The TVs were real. He could plug them in and watch them or sell them or, as he sometimes did, throw them from the window in a fit of madness. He would watch them splinter and send their screams through the courtyard and he would know they were real.
He had no time for the objectless, for the illusion of accumulation and wealth. The world would not provide for him, the world would not keep its promises, so he made sure to take what he needed. He never asked, he just took.
When he found he needed something, he went out and got it. He took it. He made it happen. The night shadowed his intent and he moved through it like an animal, sniffing out what he needed, finding a way to shift past the obstacles unnoticed and then, as the light changed to blue, he would slink back into his cave, bringing with him the prey he had killed.
He needed… he took. He wanted… he took. There was no need for patience, no need to slave away as a salesman or beneath the hood of a car. If he needed it, he would get it. It was simple. There just wasn’t time for patience, a gentle finesse, or even a polite “please.” It was now or never and he never waited an extra day.

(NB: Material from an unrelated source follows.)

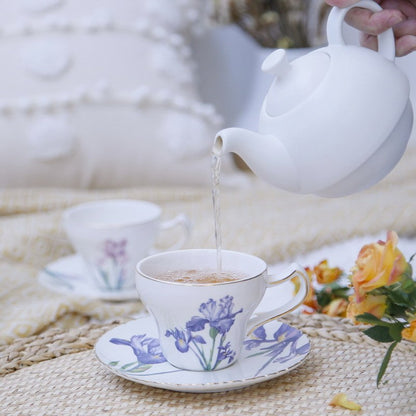 Nordic Light Luxury Love Lusi Coffee Cup Plate Set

The light came through the window in a brilliant mess of blue, it caught the smooth glass of the TV set and he saw his reflection. There he was, in his chair, in his white T-shirt and rumpled blue jeans and short brown hair.
He saw himself and remembered another. The man he had seen walking past the bookstore two nights before. It was so dark that night, but the man’s white hair was shining in the darkness like a gleaming orb of promise and knowledge. He himself was hidden behind a car on the other side of the street, hidden in the dark shadows of the city, waiting for the perfect moment to take what was about to be his.
But for a moment, he forgot his intent. He watched as the old man walked slowly past the dim illumination of the store’s window. Walking as though there was nothing else to do, nowhere else to be, nothing more important than the one step he was taking at that exact moment. The long white hair fluttered slightly with each step and each one was taken with a deliberate slowness. It was a slower gait than any he had ever seen, almost like a dance of liquid.
For a moment that seemed to continue forever, the man walked, trailed by little specks of white light and a blue trail of dust. The man took the world like a drop of water smoothing a stone. It took more than a moment for him, more than a lifetime perhaps, but the man could ultimately bend the world into the shape he envisioned. It was not now or never, but just a matter of time.